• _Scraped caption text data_
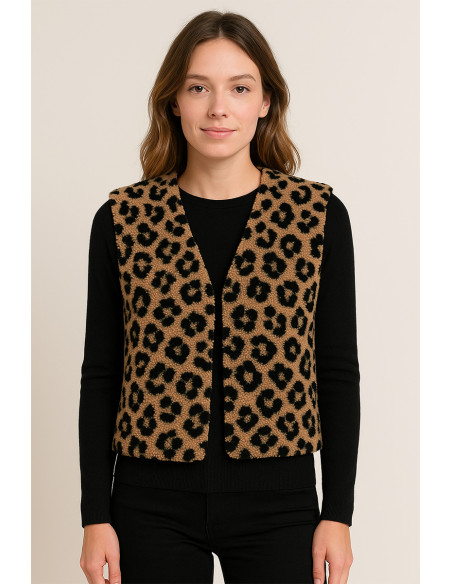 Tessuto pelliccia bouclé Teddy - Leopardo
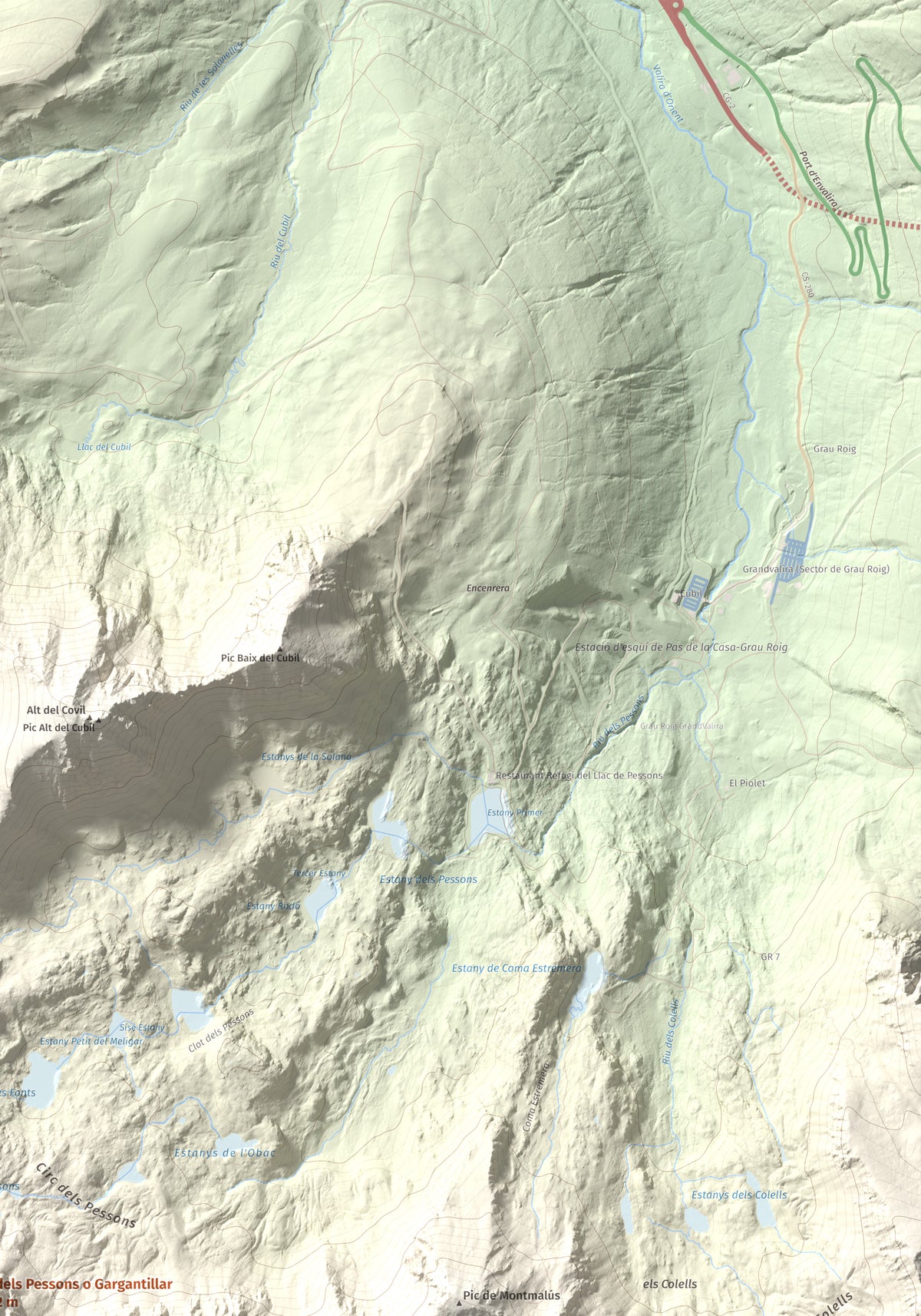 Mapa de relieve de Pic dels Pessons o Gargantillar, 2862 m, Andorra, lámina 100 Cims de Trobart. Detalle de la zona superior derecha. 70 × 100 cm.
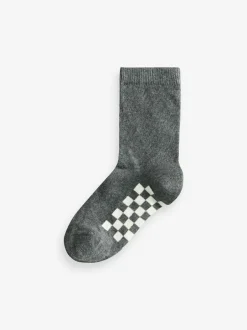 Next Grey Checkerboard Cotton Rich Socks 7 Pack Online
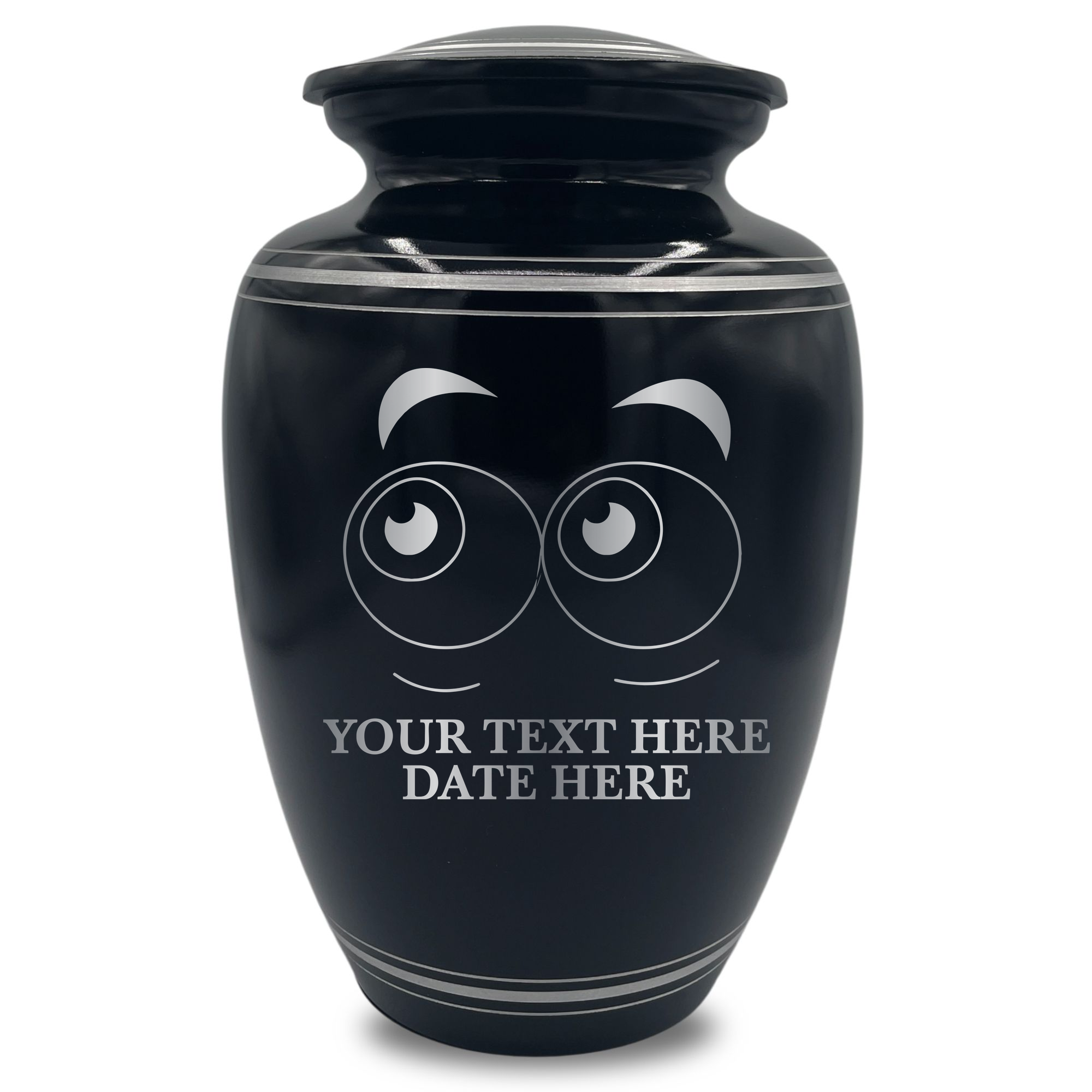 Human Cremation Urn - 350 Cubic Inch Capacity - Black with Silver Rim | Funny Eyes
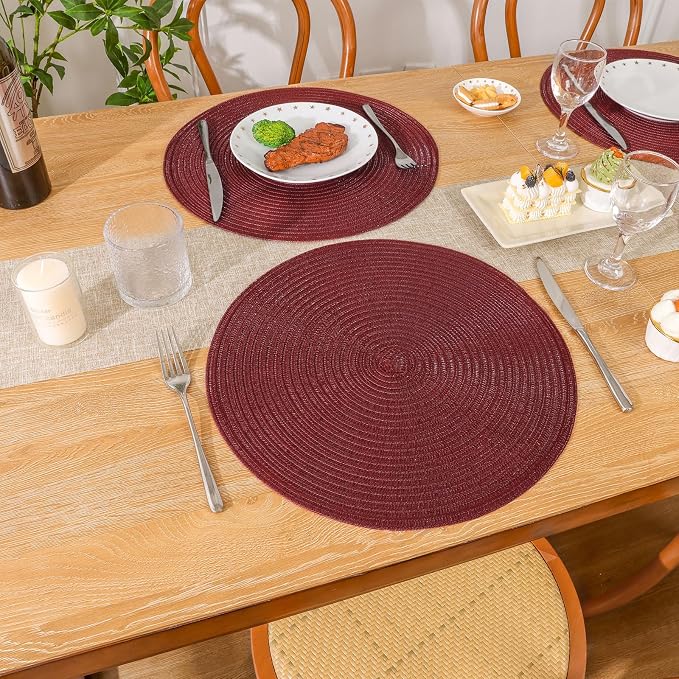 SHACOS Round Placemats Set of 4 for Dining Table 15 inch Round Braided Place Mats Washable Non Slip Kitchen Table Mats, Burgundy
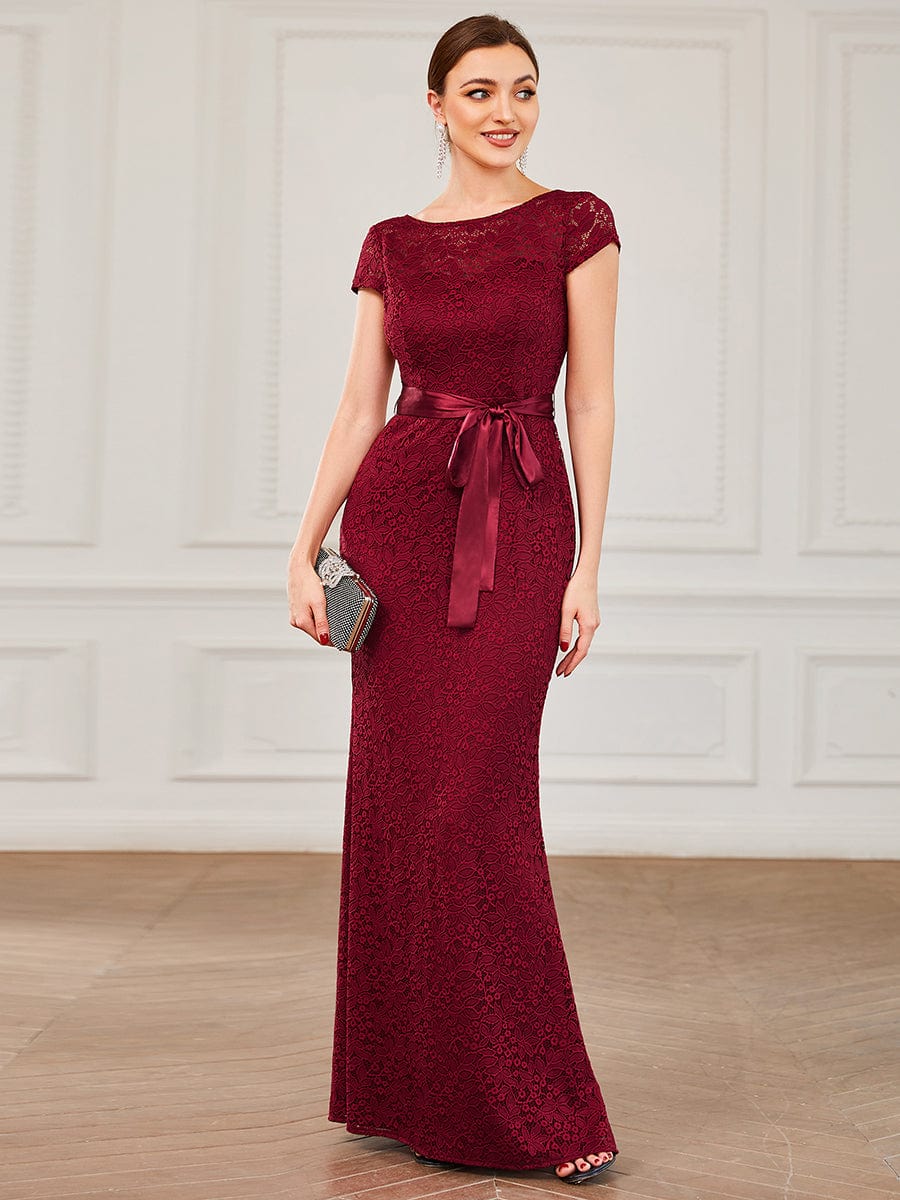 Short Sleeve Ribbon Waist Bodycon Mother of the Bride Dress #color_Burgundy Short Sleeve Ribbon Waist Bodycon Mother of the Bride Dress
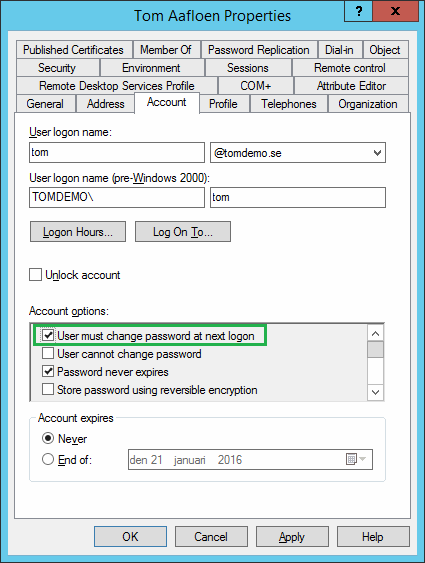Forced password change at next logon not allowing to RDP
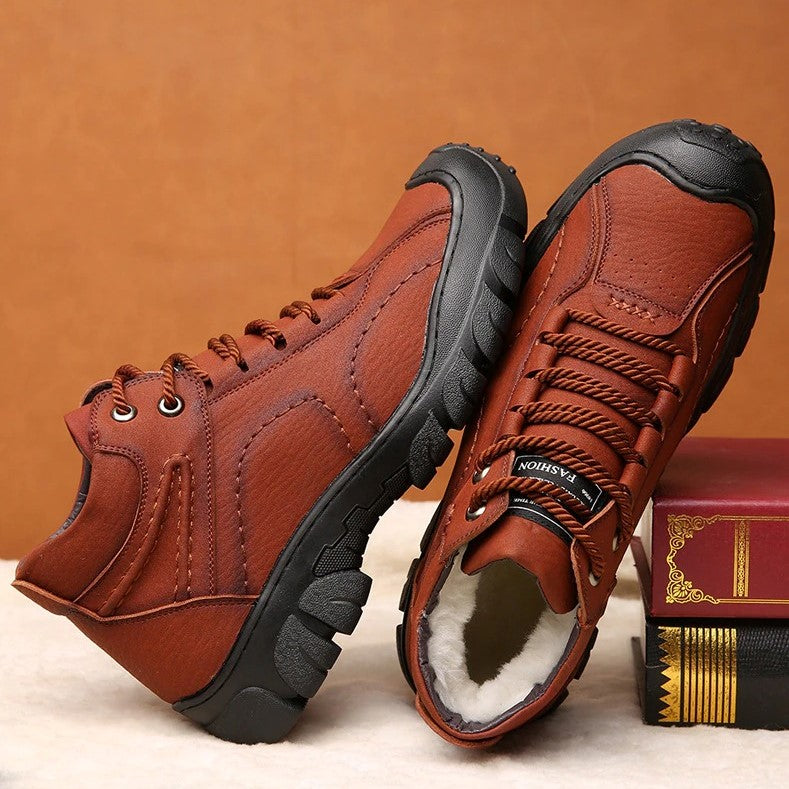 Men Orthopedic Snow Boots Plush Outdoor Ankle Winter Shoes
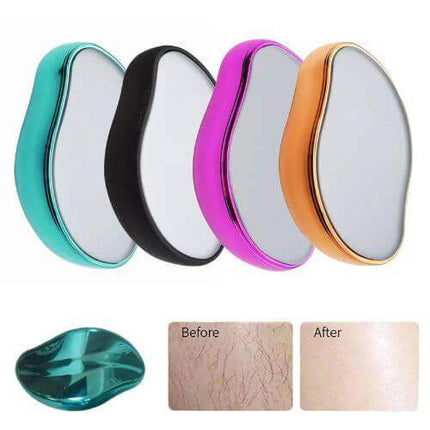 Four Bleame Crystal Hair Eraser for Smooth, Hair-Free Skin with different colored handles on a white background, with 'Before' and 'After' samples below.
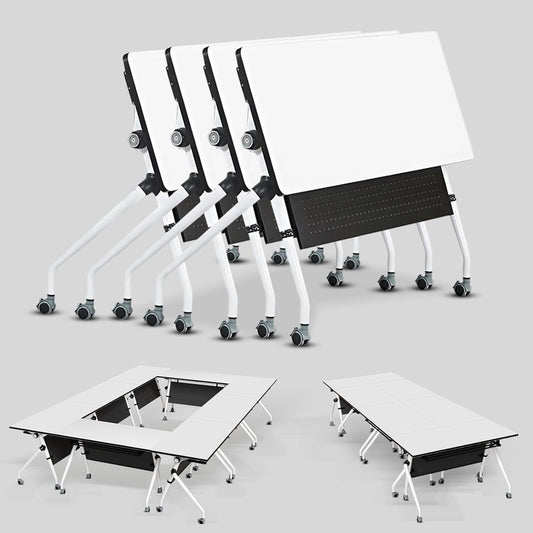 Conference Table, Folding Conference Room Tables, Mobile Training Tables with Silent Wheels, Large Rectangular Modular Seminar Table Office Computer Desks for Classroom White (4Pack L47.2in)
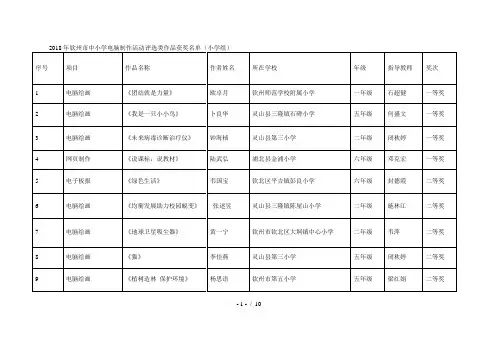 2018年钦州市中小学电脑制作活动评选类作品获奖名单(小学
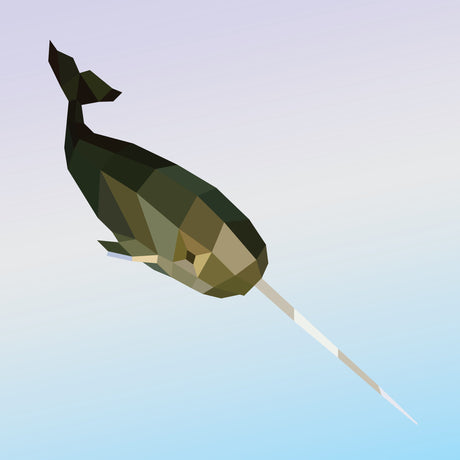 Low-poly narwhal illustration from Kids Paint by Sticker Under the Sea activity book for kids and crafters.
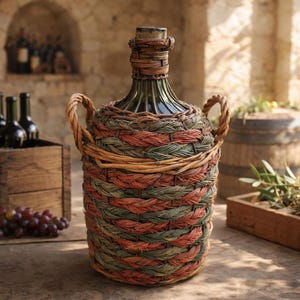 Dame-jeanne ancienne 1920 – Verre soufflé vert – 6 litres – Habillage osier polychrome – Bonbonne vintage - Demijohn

• _Exercise_
Would you please reproduce the entries above, starting at the line with "Bride Dress #color_Burgundy" and stopping after the line with "Men Orthopedic Snow"? Omit any pictures.

• _Solved problem_
 Short Sleeve Ribbon Waist Bodycon Mother of the Bride Dress #color_Burgundy Short Sleeve Ribbon Waist Bodycon Mother of the Bride Dress
Forced password change at next logon not allowing to RDP
 Men Orthopedic Snow Boots Plush Outdoor Ankle Winter Shoes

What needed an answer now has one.